В ту же секунду красные ткани разрезает женский стан, а потому мы отстраняемся друг от друга. Нагая блестит масляным телом и скромным махом головы здоровается с Отцом. Нескромный мах бёдер намеренно прижигает хозяйское бедро. Мужчина не отвечает и ни единая судорога не проскальзывает на его холодном лице.

– Вот так, – жжёт Хозяин Монастыря и щёлкает меня по подбородку, дабы я закрыла рот. – Понравилась?

         – Думаю, мужчины по ней с ума сходят.

         – Не только мужчины, – восклицает девушка и пропадает в одной из комнат для красоты.

         Я вновь смотрю на красные ткани за нами.

         – Что там

         Хозяин Монастыря игриво поднимает бровь и объясняет:

– Там, Луна, девочки обслуживают важных господ.
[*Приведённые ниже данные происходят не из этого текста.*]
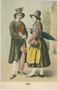 Paar aus Söll am Wilden Kaiser, Bzk. Kufstein, Tirol in regionaltypischer Sonn- und Feiertagskleidung von um 1800 aus der Serie „Tiroler Volkstrachten Nr. XVII“. Farblichtdruck 9 x 14 cm; Verlag Ernst Schmid, Innsbruck um 1905.  Inv.-Nr. vu914fld00055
Там важных господ будешь обслуживать ты. Не торопись, всему своё время: ты понесёшь Богам добрую службу.

         И я представляю – нет, лишь пытаюсь – себя: разрезающую красные ткани. Раз за разом. День за днём. И разы, и дни друг с другом слипнутся, стянутся, скрутятся, потеряют значимость: я не буду помнить, сколько и когда там бывала – лишь факт возвращения. Привычный и бесчувственный. И он страшит меня. И страшат в особенности красные ткани.

         – Это всё не я… – в шёпоте сползает с губ, а осознание колит в виски. – Всё это не взаправду.
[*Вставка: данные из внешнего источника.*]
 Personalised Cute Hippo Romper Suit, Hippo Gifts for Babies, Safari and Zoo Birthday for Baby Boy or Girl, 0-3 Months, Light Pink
         – Что ты мямлишь? – сердится Хозяин Монастыря. 

– Это не я.

– О чём ты, Луна?

         – Я не хочу!

         Оборачиваюсь к нему и повторяю:

         – Не хочу. Всё это не хочу! Я передумала.

         Плечи сжимаются острыми пальцами: встряхивают, будто бы веля угомониться и прийти в себя.

         – Я жалею...

         – Закрой рот, – перебивает само спокойствие.

         – ...о принятом решении.

         Имело ли то смысл?

         – Меня здесь быть не должно, поверь, – настаивает страх. – Я здесь лишняя, чужая, таковой и останусь. Я не послушница. Отпусти меня.

         – Луна, я велел молчать.

         – Отпусти!

–  Молчи.

Хозяин Монастыря неприемлемо спокоен и малодушен. Его угнетающий взгляд демонстрирует, что сам он не впервой сталкивается с девичьими слезами передумавших послушниц.

– Отпусти, пока я не привнесла в твою жизнь бесконечные беды, – говорю я. О, глупые угрозы! Но помутнённый рассудок иного не приемлет.

– Сколько было велено молчать и сколько ослушания последовало? Тебя, Луна, плохо воспитывали и уважать богов не научили, верно? С кем мне об этом потолковать?

Я предупреждаю: 

– С меня ты ничего не поимеешь, а вот я – твой мозг – более чем смогу. Не вынуждай.

Мужчина

         Раскусываю ревностное лицо Ману, кусаю его, искусываю. Женщина игриво толкает в грудь (вот только отличительно от новой послушницы жест этот не трогает вовсе) и запрыгивает на край стола. Я велю сползать, а Мамочка заботливо уточняет:

         – О, ты про это? Не помню, говорил ты раньше не прикасаться к нему или нет...?

         – Терпения и на твои шутки у меня не хватит.

         – Что значит «и на твои», паршивец? – оскорбляется Ману.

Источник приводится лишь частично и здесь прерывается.